Google Reader Decommissioned
Posted 05 July 2013
Birthed in 2005, Google Reader has amassed something of a cult following over the last 8 years.
It has therefore come as a surprise to some that the application has been decommissioned. Google announced back in March that they were discontinuing the product, which shut down earlier this week.
We thought that it would be helpful to answer some of the questions that you may have about Google Reader, and explore what implications the decommissioning might have.
What was Google Reader?
Google Reader was an application developed by Google to help users aggregate feeds from websites. If you wanted to compile stories from all the sites that you regularly visited – typically news sites – then using an aggregator such as Google Reader was a helpful way to save time and effort.
All you had to do was enter the URL of the RSS feed from the website you wanted to collect information from. It meant that you could sit down at the start or end of a day and enjoy catching up on the news that interests you.
The application has attracted millions of users, many of whom will now have to find alternative aggregators.
Why has it been cancelled?
The simple answer is that Google have simply decided to focus on other products. It would appear that the number of users had dropped, and although Google Reader had a loyal following the number of users may not have justified the continuation of the application.
What is interesting is the clarification that Google released after the initial announcement:
“As a culture we have moved into a realm where the consumption of news is a near-constant process. Users with smartphones and tablets are consuming news in bits and bites throughout the course of the day – replacing the old standard behaviors of news consumption over breakfast along with a leisurely read at the end of the day,” said Richard Gringras.
What does this tell us?
Whenever an industry leading company introduce or discontinue a service, there is an opportunity to evaluate what it tells us about the way that the web is changing. Here are some immediate conclusions:
- The growth of mobile internet usage is continuing to shape decision-making. It’s changing the way that we design and build websites – bringing a movement towards responsive, clean, mobile-friendly web design – and it’s changing the way that we digest information.

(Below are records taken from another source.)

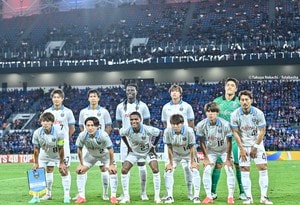 「バフェさんが着ると高級ブランドのジャージに見える」見どころ満載のJ1川崎のACL出発風景にファン沸騰！「バフェかっこいいなぁからの最後!!」「突然のチャーミングさん」などの声が広がるの画像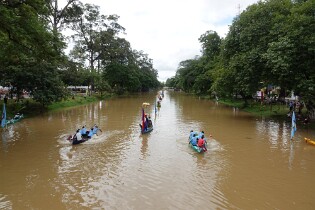 Cambodja 0250 Dragon boat race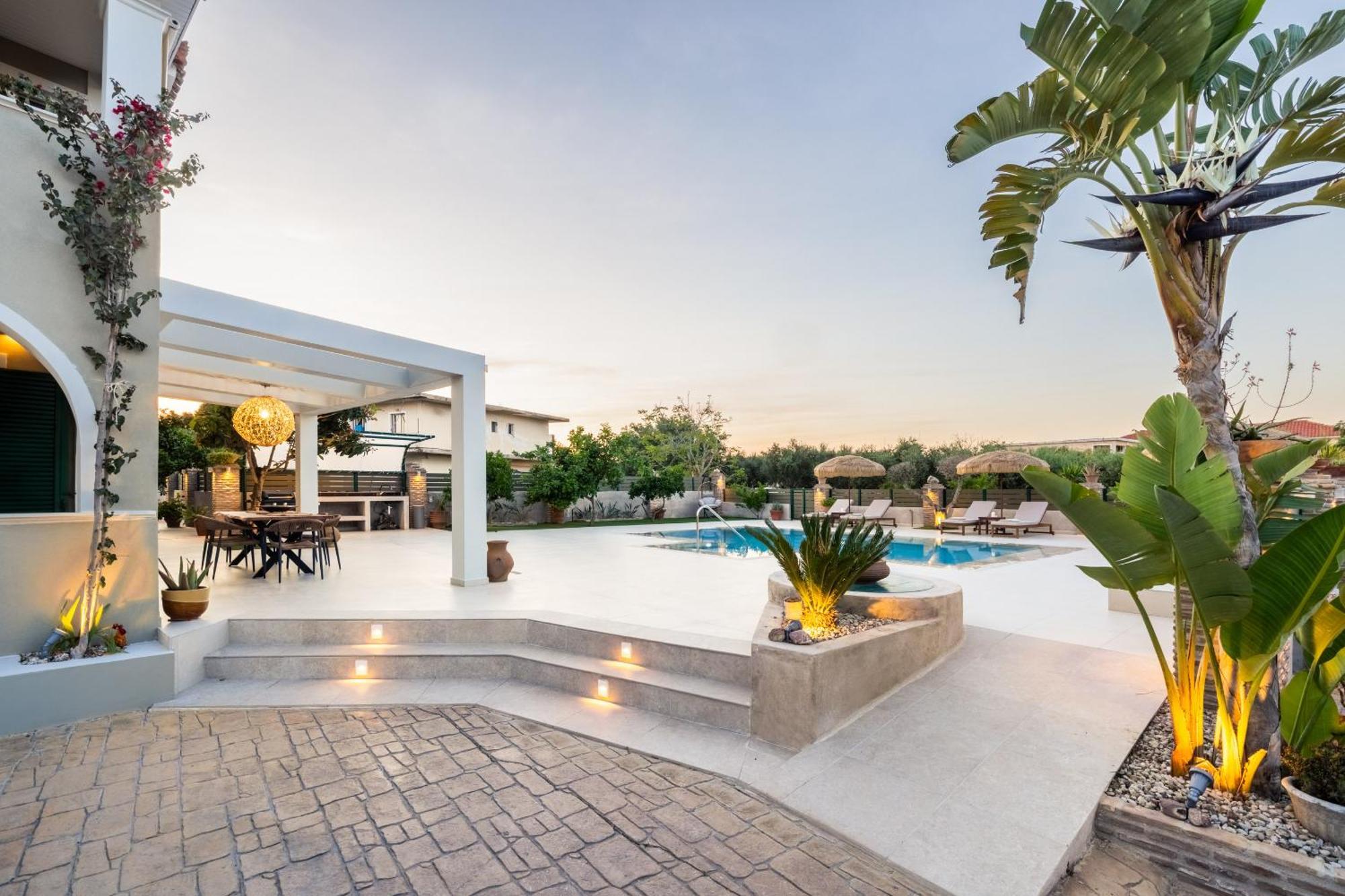 Porta Luxury Residence, By Tk Management Holiday home *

- There is a movement towards ‘news on the go’. We’re less likely to browse the internet all in one go. Instead, we’re keeping up to speed throughout the day.

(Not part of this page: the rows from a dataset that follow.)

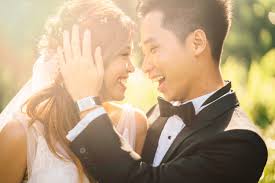 Beberapa pose dibawah ini adalah urutan pose sehingga ketika mengambil gambar kamu sudah memiliki referensi gaya apa yang akan kamu tiru. 8 Tips To Look Good On Your Pre Wedding Photoshoot Chris Chang Photography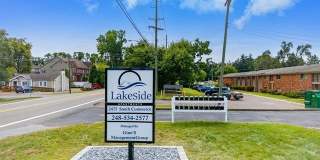 2475 S COMMERCE Road Gallery 1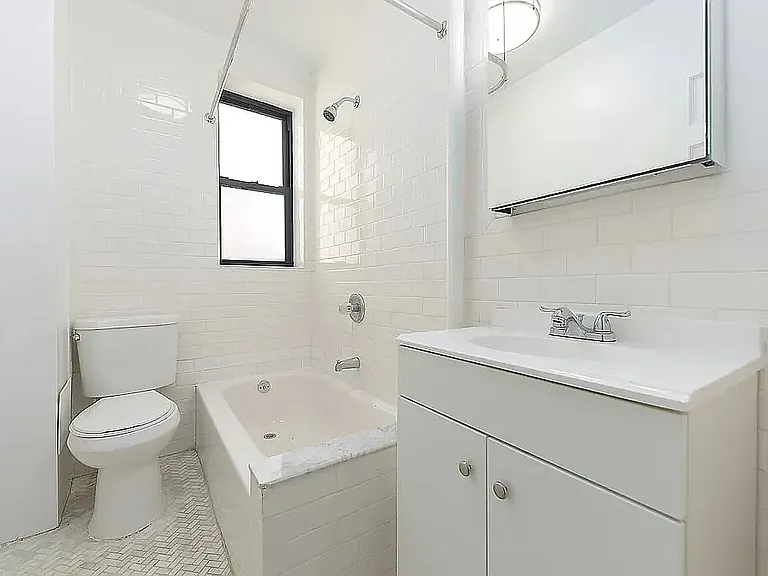 631 W 207th St #55 — Photo 5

- Google will continue to offer aggregators through Google+ and Google Now, although there will be no direct RSS-feed replacement for Google Reader.
It appears that alternative applications are already moving in to fill the gap that Google Reader has left. Feedly gained almost 3 million users in 2 weeks after Google’s initial announcement. However, it’s clear that the web is continuing to change as rapidly as ever. It remains for industry professionals like ourselves to keep up with the pace.